U.S. Attorney Richard Moore, who was appointed as the Southern District of Alabama’s lead federal prosecutor by the Trump administration in 2017, announced his retirement from federal service effective Feb. 26. Earlier this month, the Biden administration’s Department of Justice asked 56 Trump-appointed U.S. attorneys to hand in their resignations.
Moore’s nearly four-year tenure caps off a career in which he also served as inspector general for the Tennessee Valley Authority for 14 years, a position appointed by former President George W. Bush. Prior to that, he was an assistant U.S. attorney in the Southern District of Alabama for 17 years, hired by Jeff Sessions.
In a news conference Monday, Moore acknowledged his staff, judicial officials, local leaders and the “steadfast example” set by Sessions, first in the U.S. Attorney’s Office and later as attorney general.
“Most of what I have learned in terms of being a public servant and a prosecutor came from Jeff Sessions,” Moore said. “In a highly partisan and highly uncivil world, Jeff Sessions remained a statesman.”
Moore spoke about the partnerships he created with local law enforcement agencies and noted “when people work together, and trust each other, you get better results.”
“We share a common philosophy and that philosophy is that we need to be vigorous and aggressive about taking the trigger-pullers off of the streets,” he said. “We know that we cannot prosecute our way out of every problem … but our goal has been to make sure our citizens are safe and our communities are safer because we have the common philosophy of being aggressive about criminal prosecution.”
Moore welcomed Mobile Mayor Sandy Stimpson, Mobile County District Attorney Ashley Rich and Baldwin County District Attorney Bob Wilters to deliver remarks, and all praised the level of engagement between the U.S. Attorney’s Office and local law enforcement agencies during Moore’s term.

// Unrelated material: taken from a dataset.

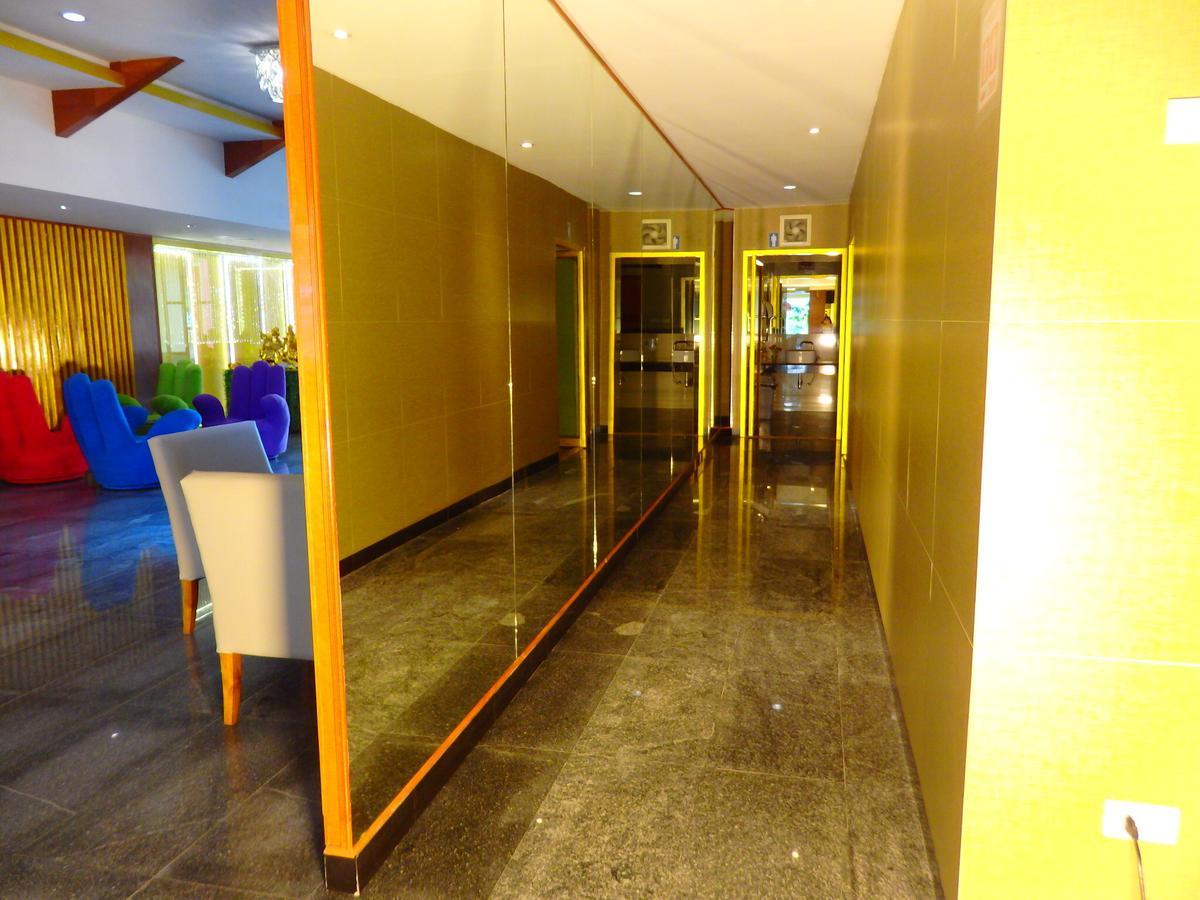 Pohseen Grand Palace Hotel バンコク都 エクステリア 写真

There are 13 counties in the Southern District of Alabama.
Rich said Moore sought her counsel shortly after being appointed, and it led to a more effective partnership to prosecute violent crime.

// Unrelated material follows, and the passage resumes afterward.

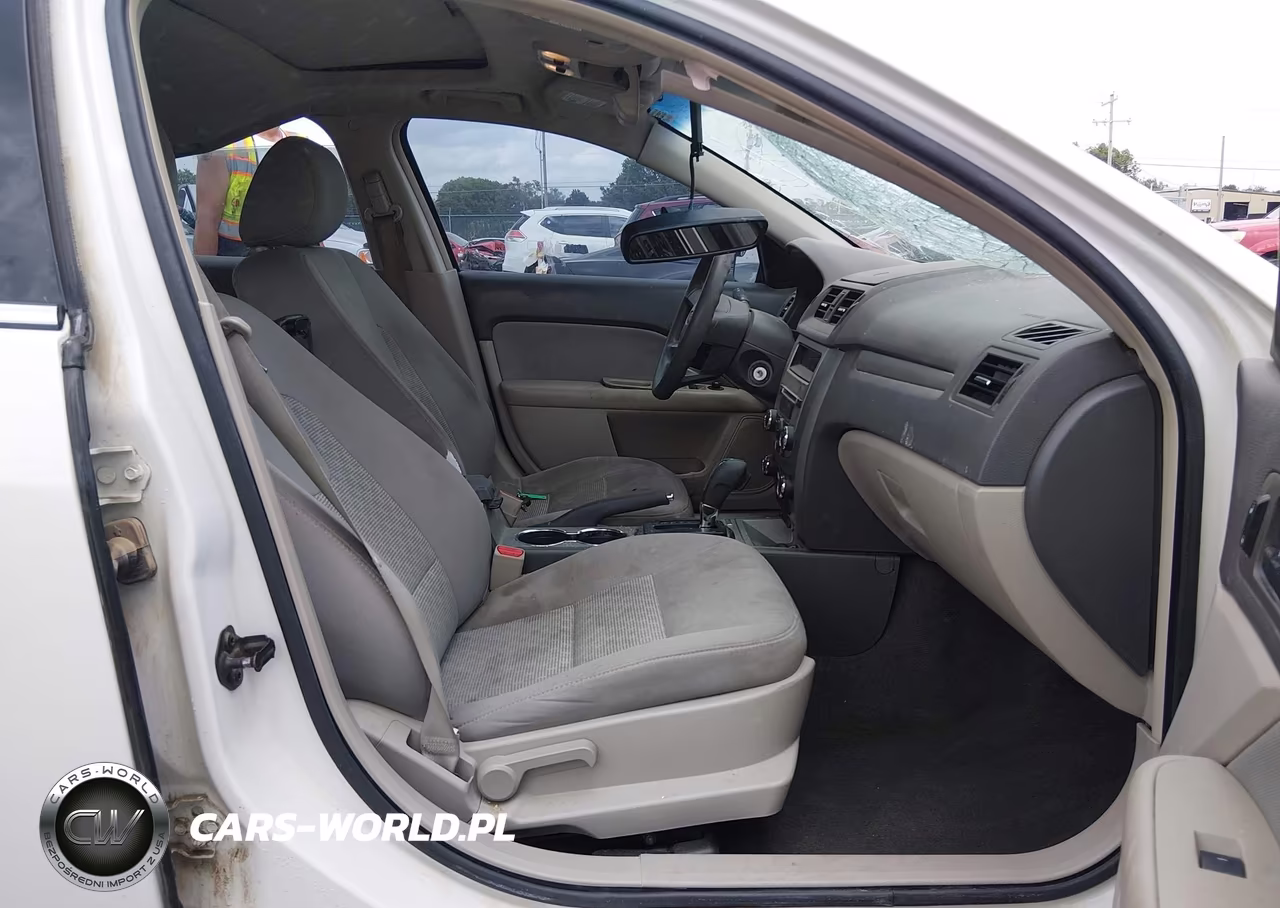 2012 Ford Fusion Se VIN:3FAHP0HA5CR205111 - 5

“It became very, very clear that [Moore] wanted to be a part of a team of players, wanted to join forces with that team, and make that team better,” Rich said. “He wanted to use the tools of the U.S. Attorney’s Office to help the local leaders — the District Attorney’s Office, the sheriffs, the police departments and all the federal agencies — to do their job more efficiently and effectively.”

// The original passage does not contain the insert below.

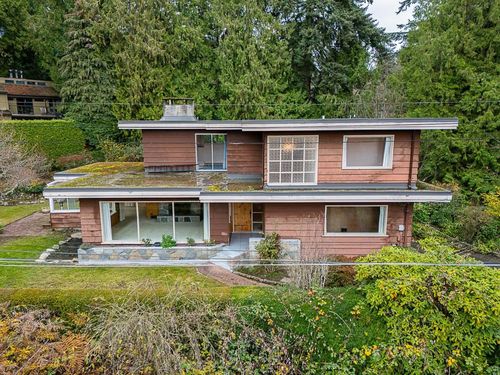 2847 Mathers Ave, West Vancouver, BC, V7V2J8 | Card Image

Rich noted Moore’s eagerness to prosecute more gun offenses in the federal system, which provides harsher sentences and penalties than the state system.
“Criminal defendants who had been convicted of felony cases in state court but were then caught again illegally possessing firearms … if we were able to even prosecute them … their punishments would often be minimal,” she said. “But we realized that the same offense prosecuted in the federal system would give them significant jail time and we could take them off the streets.”
The Southern District of Alabama became the nation’s leader in firearms prosecutions per capita under Moore’s leadership, Rich said.
“Mobile is a safer and better place because of his leadership and we can all rest a little easier knowing these violent, gun-toting criminals are off our streets and in the federal penitentiary,” she said.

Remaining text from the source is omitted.